What We Do Is Secret
- What We Do Is Secret book cover
- Author: Thorn Kief Hillsbery
- Language: English
- Genre: punk literature, LGBT literature
- Set in: Los Angeles
- Publisher: Villard
- Publication date: 2005
- Publication place: United States
- Media type: Print (paperback)
- Pages: 346 pp
- ISBN: 0-8129-7309-7 (paperback edition)
- OCLC: 55877401

= What We Do Is Secret (novel) =

2005 novel by Thorn Kief Hillsbery

What We Do Is Secret is the second punk novel by Thorn Kief Hillsbery, published by Villard in 2005, with a subsequent e-book edition released in 2007. The novel was nominated for a Lambda Literary Award in fiction. Writing for Out, Aaron Hamburger named it one of the top five books of 2005 and "a wild ride of a novel that careens through a fateful evening in L.A.'s punk scene."

What We Do Is Secret takes place in Los Angeles in 1981, six months after the death of Darby Crash (lead singer of the Germs). It is narrated by hustler and street punk Rockets Redglare, who knew Darby personally. Like a punk American Graffiti, the action occurs over the course of 24 hours,"as Rockets amps up for another night looking for tricks and scrounging a meal, Sex Pistols and X lyrics on repeat in his head...he’s come to a turning point–the scene is changing, and nothing’s as easy as it was when Darby brought him into the fold." Though the novel is a work of fiction, numerous real-life figures from the L.A. punk scene make appearances. The first edition cover image is by influential skate photographer Tobin Yelland.

==Synopsis==
Set over the course of a single day, the narrative moves from day to night and from east ("East of La Brea") to west ("West of the West"), from Hollywood to a secret surf spot in-between the old Pacific Ocean Park pilings in Santa Monica where the book's rain-swept denouement takes place.

Narrator Rockets and his crew of street punks, Siouxie, Squid, and Blitzer, turn tricks and pull off various capers to make enough money to buy drugs (typically poppers, tabs, and the amphetamine derivative Desoxyn) and make it to the night's punk show at The Vex. Despite his age, Rockets is accepted as one of the gang, but he is secretly scared of being returned to a group home.

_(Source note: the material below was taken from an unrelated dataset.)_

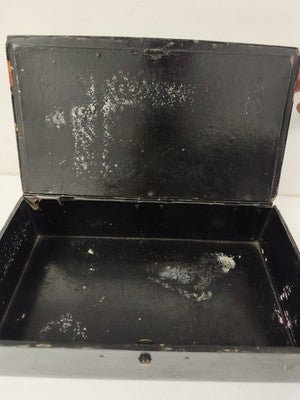 Boîte carton bouilli laqué noir, scène de cour orientale, XIXe siècle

Rockets is a throwaway kid, abandoned at birth by his junkie parents, and he found a home among the misfits drawn to the Masque, the basement epicenter of L.A.'s nascent punk scene. He and Darby had a sexual relationship and Rockets, like many in the scene, looked up to Darby. Rockets was aware, however, that he was often manipulated by Darby's mind games and talent for controlling people. After Darby's suicide by heroin overdose, the scene has begun to fragment. Rockets and Blitzer, a heroin addict, gradually become more intimate, sexually and otherwise. Blitzer holds out the hope of a new life for the two of them together in Idaho. When two gay tourists turn up looking for drugs and subsequently hire the crew to show them around L.A., Blitzer devises a scheme to get the money he and Rockets need to skip town and leave their lives on the Hollywood streets behind.